▶ Data to use:
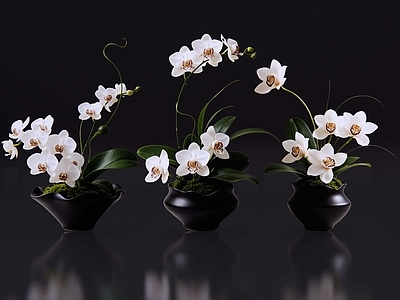 禅意花瓶 2D现代轻奢花艺 现代侘寂花瓶花艺 法式复古花艺 高级感花艺 软装摆件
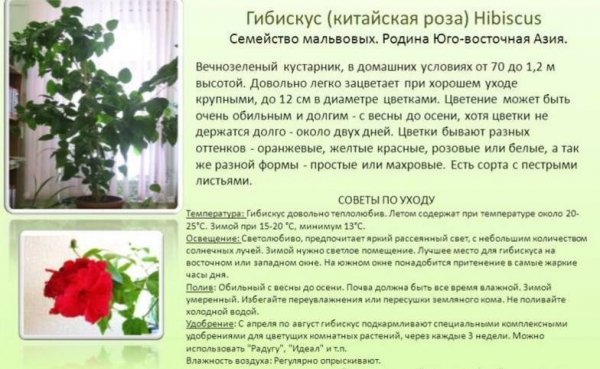 Гибискус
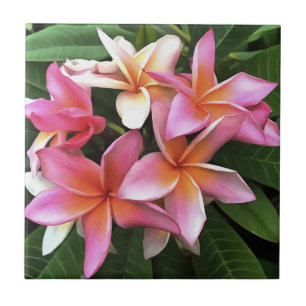Azulejo De Cerâmica Fita De Frangipani Rosa Pálido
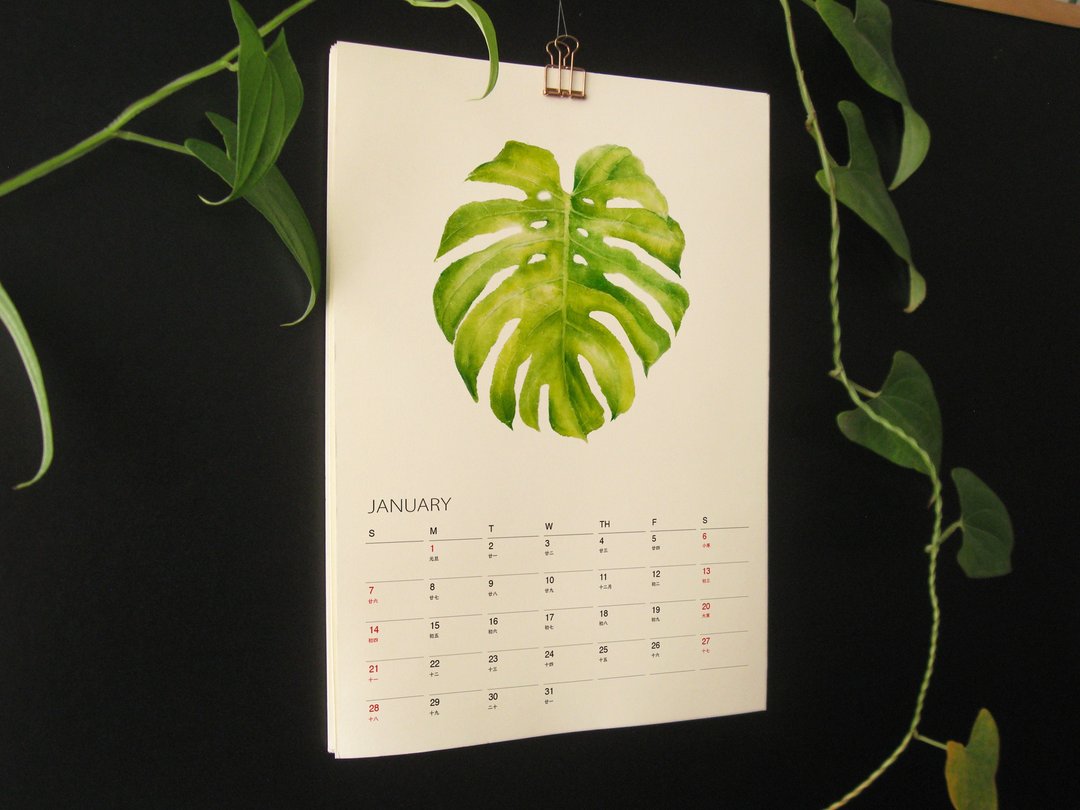 植物的静默 2026 2027 年历月历挂历 给植物爱好者的治愈新年礼物 2 - 年历/台历 - 纸 绿色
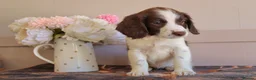 English Springer Spaniel dogs for sale: Beautiful English Springer spaniel pups - Advert 8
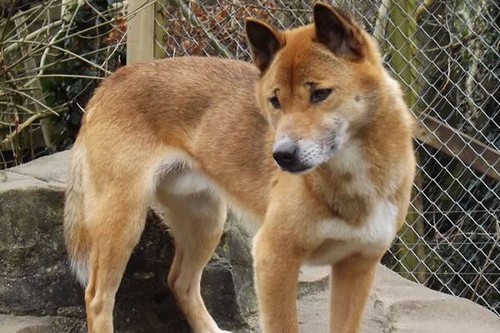 Unique Dog Breeds 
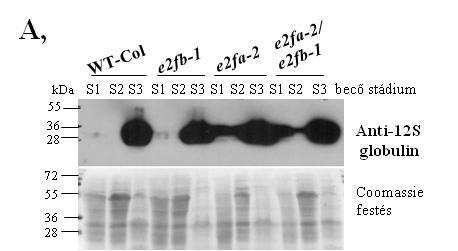 19. ábra: Az e2f mutáns magok albumin (2S) és globulin (12S) tartalék fehérjéinek felhalmozódása a magok fejlődése során.
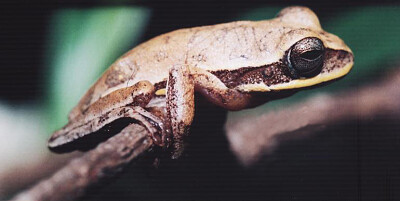 Hypsiboas ericae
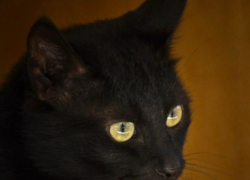 Суслик - 80-й участник конкурса Самый красивый кот Волгодонска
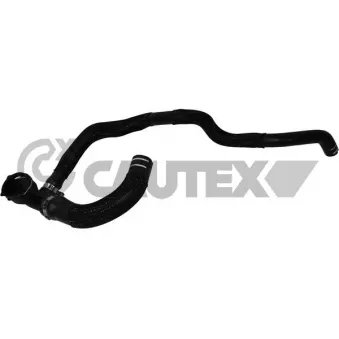 Durite de radiateur CAUTEX 753753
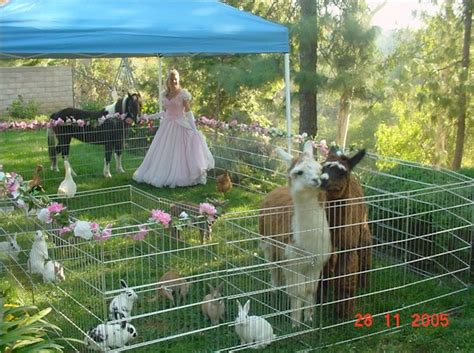 Our dallas pony parties and petting zoos have something to please every child (young or old)! pettingzoo | Happiness Unlimited Parties, Inc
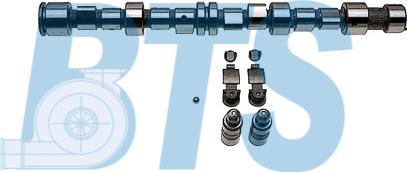 BTS Turbo CP62297 - Комплект распредвала autocars.com.ua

▶ Exercise: Go from the first line of the data above to the line containing "19. ábra: Az" and retype exactly those lines, both included, but none of the pictures.

▶ Answer for the task:
 禅意花瓶 2D现代轻奢花艺 现代侘寂花瓶花艺 法式复古花艺 高级感花艺 软装摆件
 Гибискус
Azulejo De Cerâmica Fita De Frangipani Rosa Pálido
 植物的静默 2026 2027 年历月历挂历 给植物爱好者的治愈新年礼物 2 - 年历/台历 - 纸 绿色
 English Springer Spaniel dogs for sale: Beautiful English Springer spaniel pups - Advert 8
 Unique Dog Breeds 
 19. ábra: Az e2f mutáns magok albumin (2S) és globulin (12S) tartalék fehérjéinek felhalmozódása a magok fejlődése során.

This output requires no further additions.